AIVITA Biomedical, Inc., a biotech firm developing innovative cell therapies, has recently announced updates to the survival data after the year-end analysis of the ongoing AV-GBM-1 Phase 2 clinical trial in newly diagnosed glioblastoma (GBM) patients.
Apparently, the analysis reported that the overall rate of survival at 12 and 15 months is at 76% in patients who have been treated with AV-GBM-1, in comparison with the total survival of 61% at about 12 months and a 48% at 15 months in the patients who had been receiving standard care. The study has finished its enrollment of patients with nearly 55 patients joining in eight trial sites.
The Chief Medical Officer of AIVITA stated that the company has been encouraged by the interim results despite the ongoing monitoring and treatment of the patients. The firm has winded up its accrual to the trial which is before schedule due to its principal investigators' engagement of the clinical site with an excellent rate of manufacturing success at AIVITA.

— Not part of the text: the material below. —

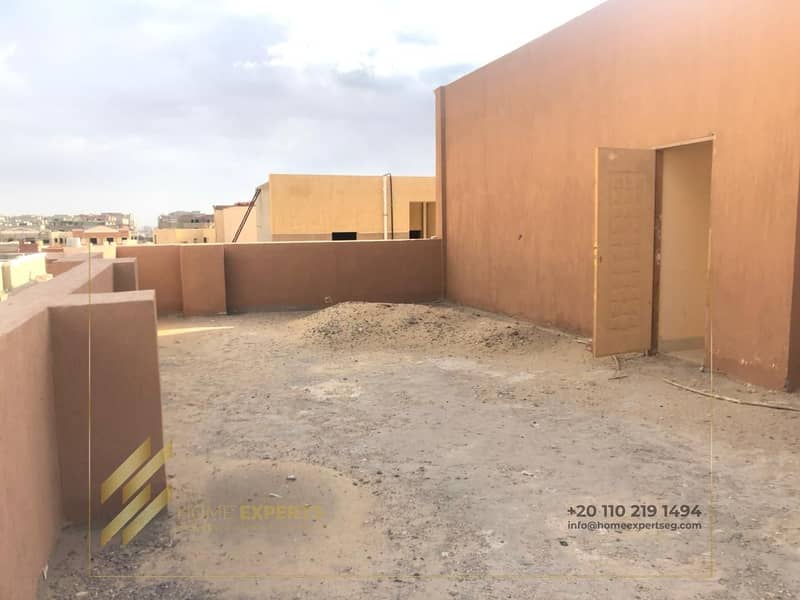 apartment for sale roof  new cairo 5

AV-GBM-1 is essentially an immunotherapy that comprises autologous dendritic cells that are largely filled with autologous tumor antigens. The antigens are mainly working from tumor-initiating cells that can be self-renewed. The treatment is given subcutaneously with a series of injections as an adjunctive therapy. The treatment is pan-antigenic that targets several antigens on autologous, cells initiating tumor which is responsible for the disease’s fast growth as well as is resistant to standard therapy.
For the record, AIVITA has been conducting around three clinical studies across the United States and investigating its immunotherapy in patients suffering from glioblastoma, melanoma and ovarian cancer. In its previous metastatic melanoma clinical trial, the company’s autologous dendritic cells have shown a survival rate of 72% for two years and 54% for 5 years in patients.
The company has been looking for conditional commercial approval of melanoma treatment in Japan.